### YOUR INSTRUCTIONS
The records below are to be restated word for word, with every picture left out.

── RECORDED DATA ──

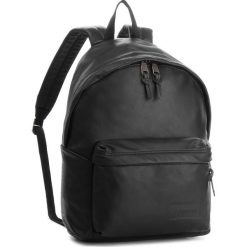 Plecak EASTPAK - Padded Pak'r EK620 Black Ink Leather 64O. Czarne plecaki damskie Eastpak, z materiału. Za 759.00 zł.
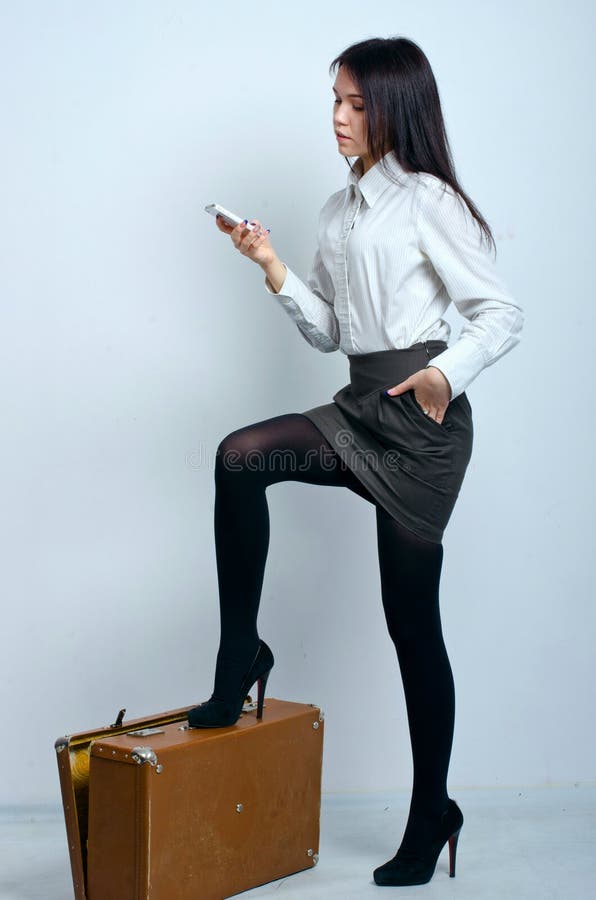 Jovem rapariga bonita com equipamento de escritório imagem de stock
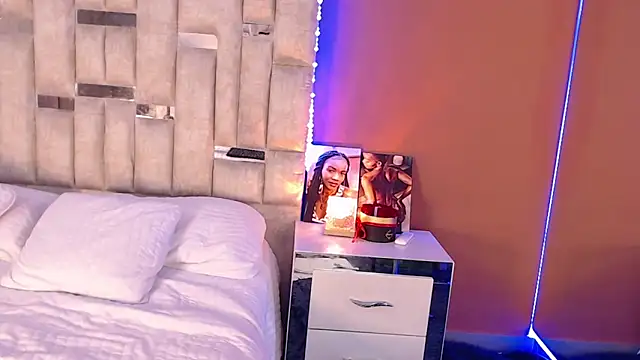 Emily knights online show from November 25, 2025, 9:26 pm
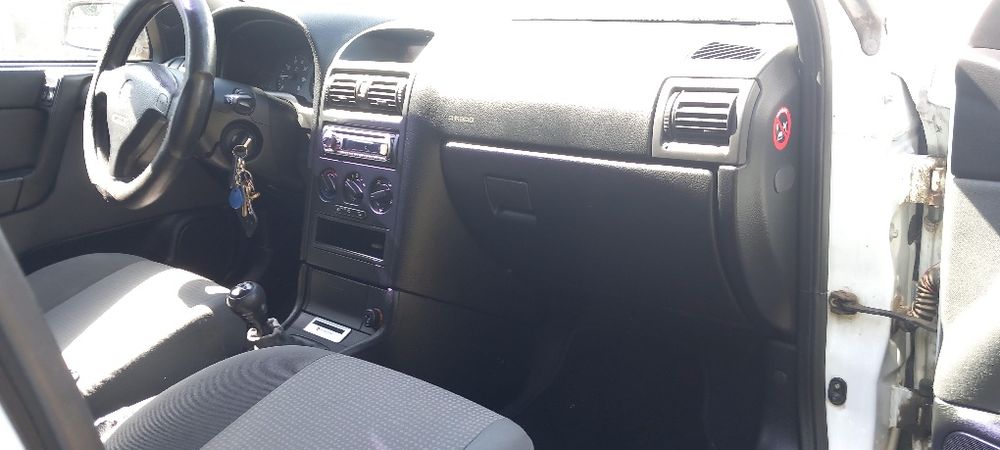 Vând Opel Astra G
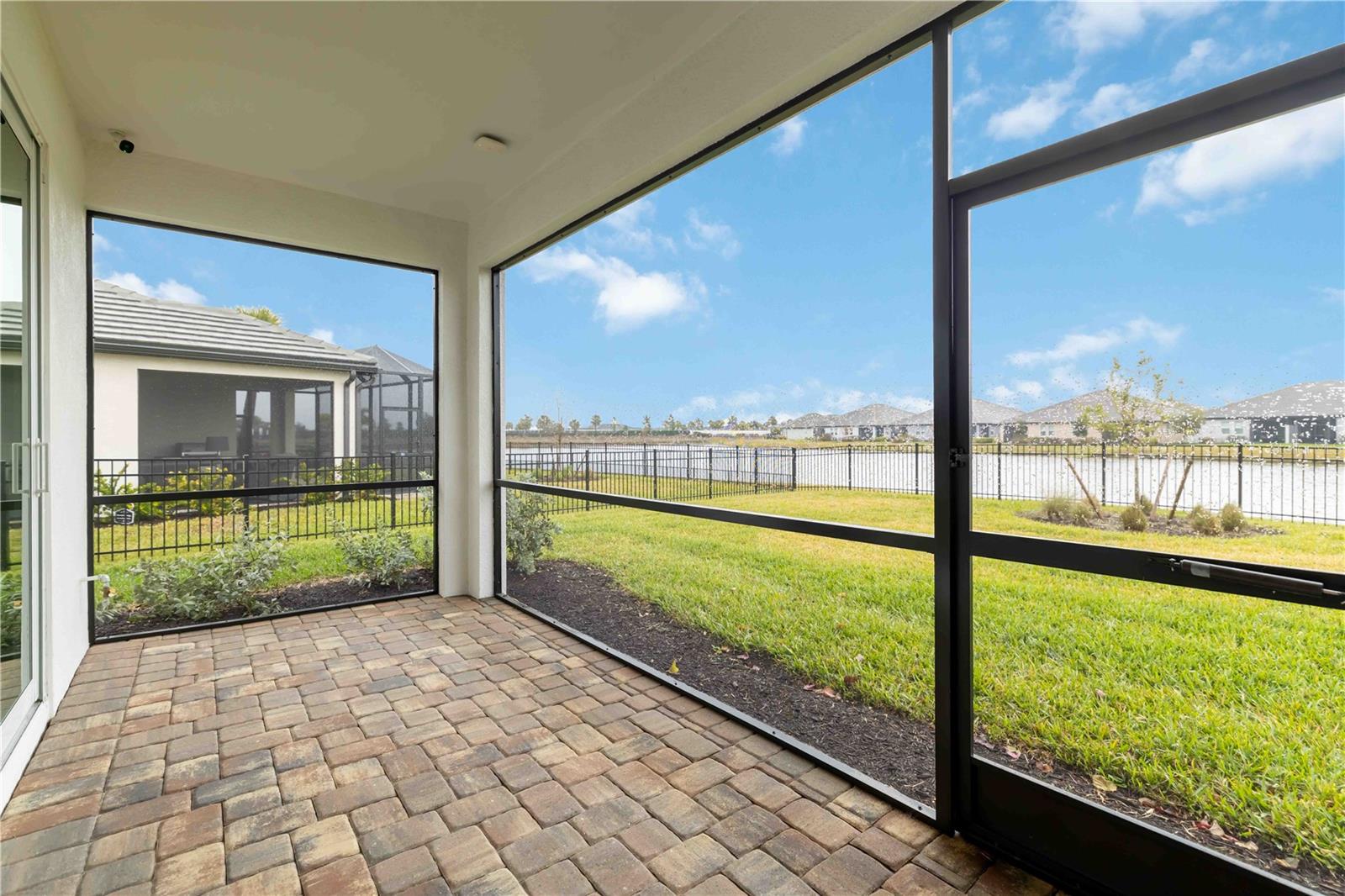 Image 35 of 49 For 17408 Savory Mist Circle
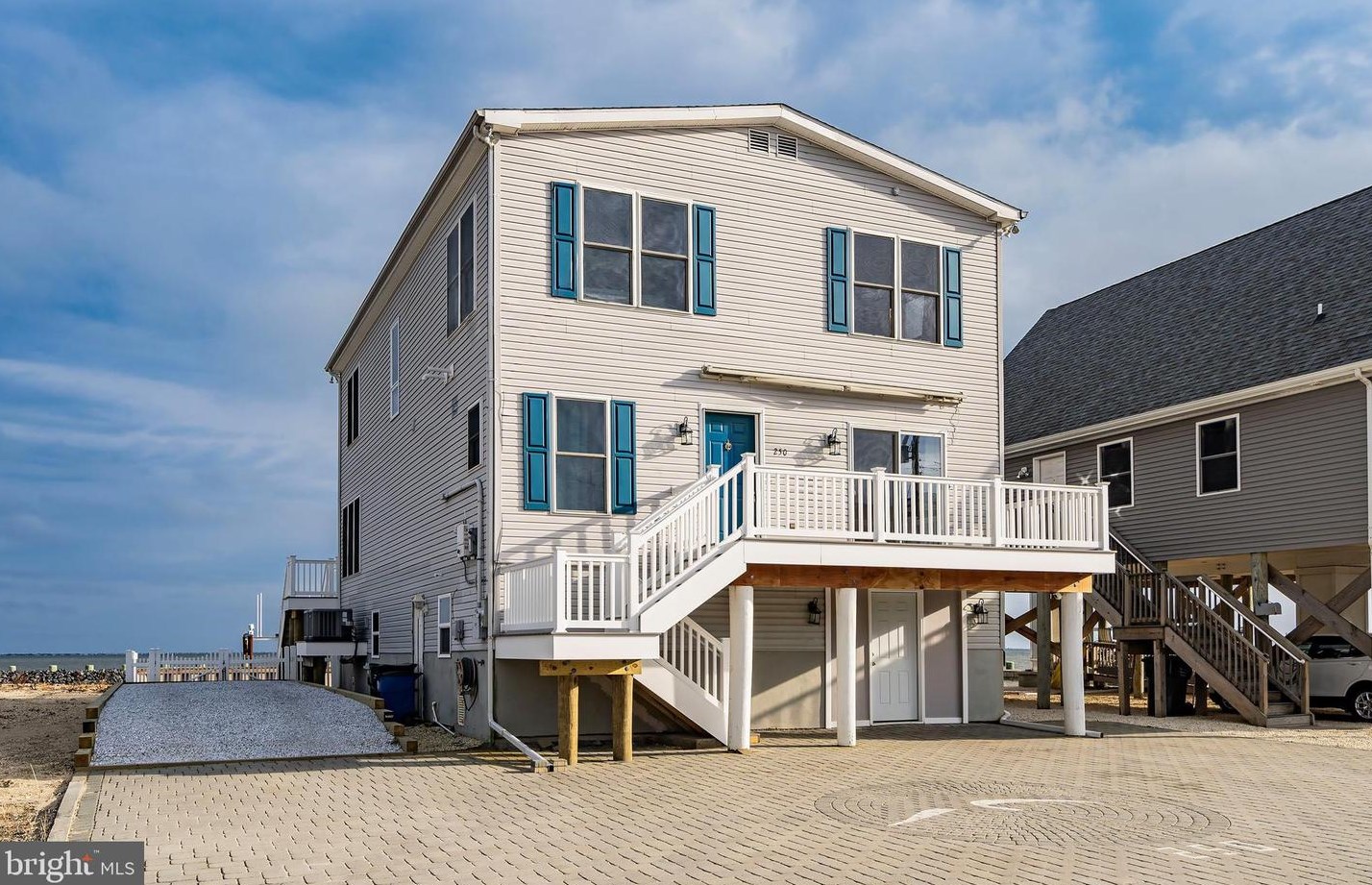 250 Heron Rd, Tuckerton NJ  08087-2410 exterior
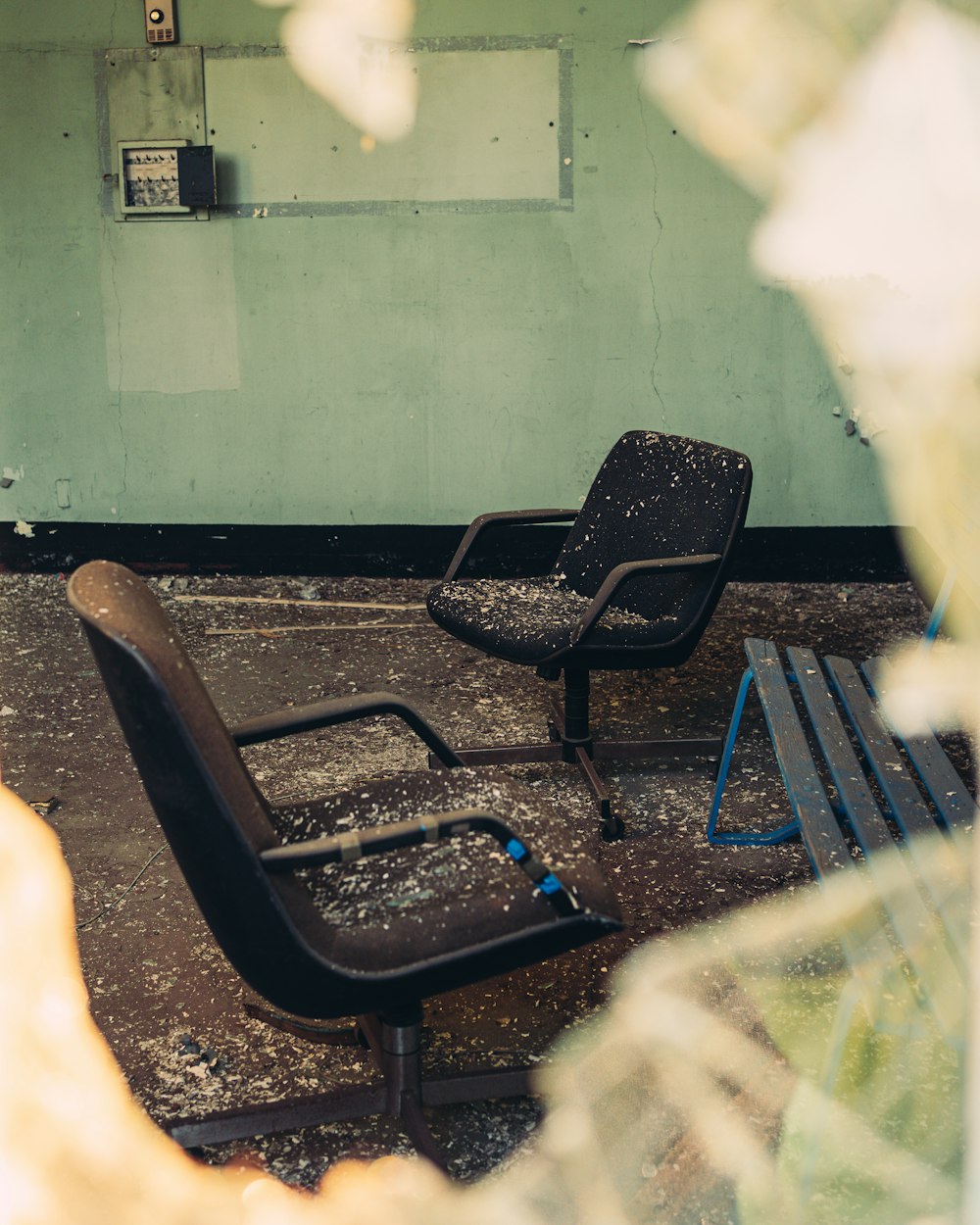 a couple of chairs sitting next to each other in a room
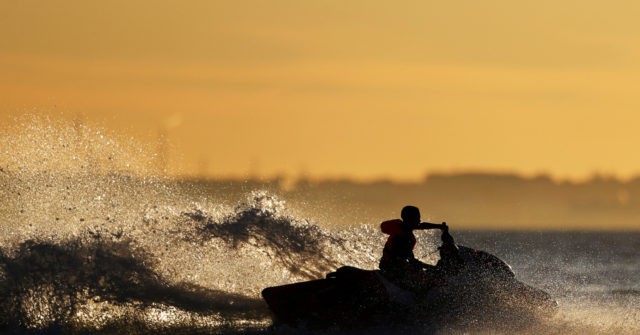 Man Who Took Jet Ski to See Girlfriend Jailed for Breaking COVID Laws - Vimarsana News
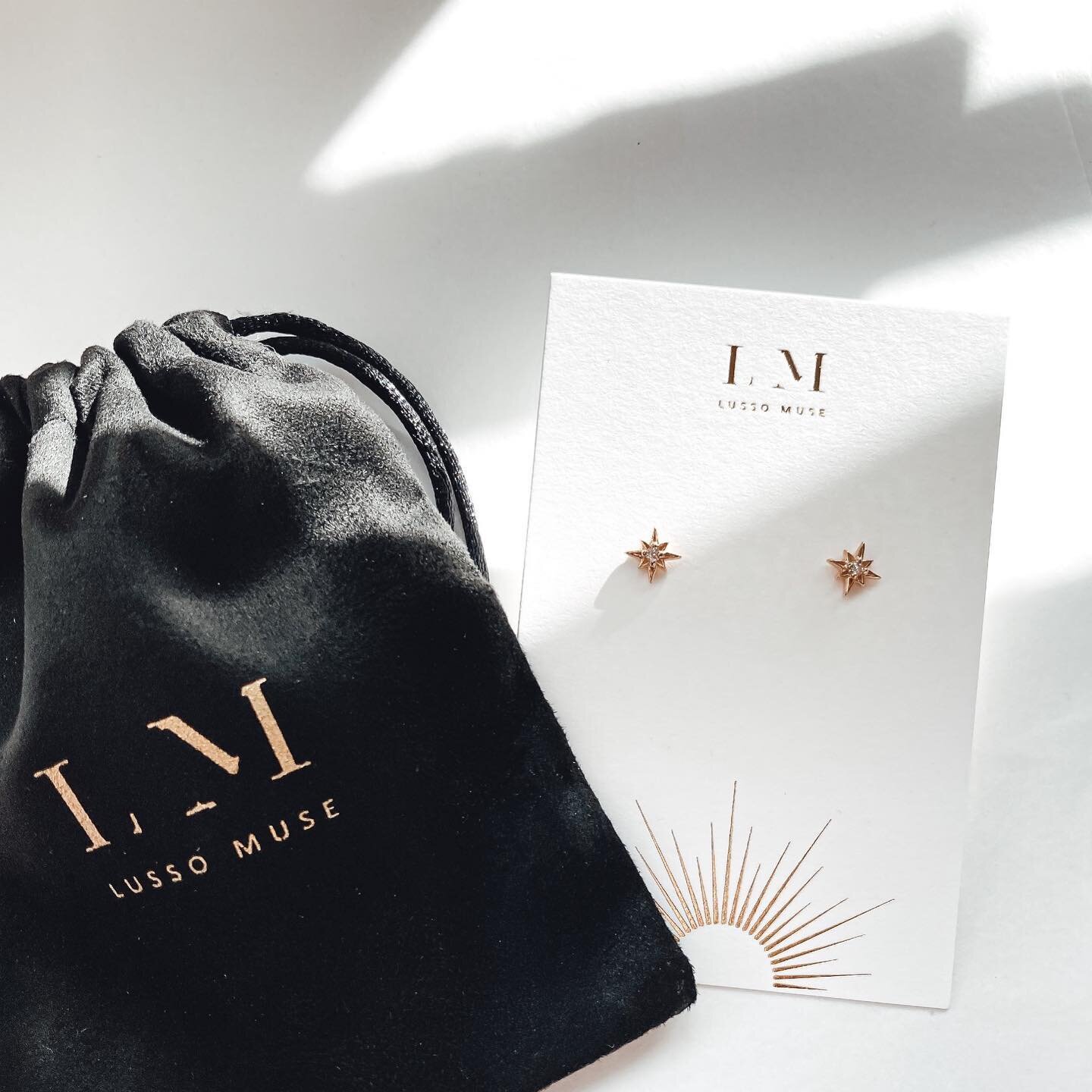 Packaging update with gold foiled heavy weight cards and gold foiled suede pouch 👌🏼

───

### TASK OUTPUT
 Plecak EASTPAK - Padded Pak'r EK620 Black Ink Leather 64O. Czarne plecaki damskie Eastpak, z materiału. Za 759.00 zł.
 Jovem rapariga bonita com equipamento de escritório imagem de stock
 Emily knights online show from November 25, 2025, 9:26 pm
 Vând Opel Astra G
 Image 35 of 49 For 17408 Savory Mist Circle
 250 Heron Rd, Tuckerton NJ  08087-2410 exterior
 a couple of chairs sitting next to each other in a room
 Man Who Took Jet Ski to See Girlfriend Jailed for Breaking COVID Laws - Vimarsana News
 Packaging update with gold foiled heavy weight cards and gold foiled suede pouch 👌🏼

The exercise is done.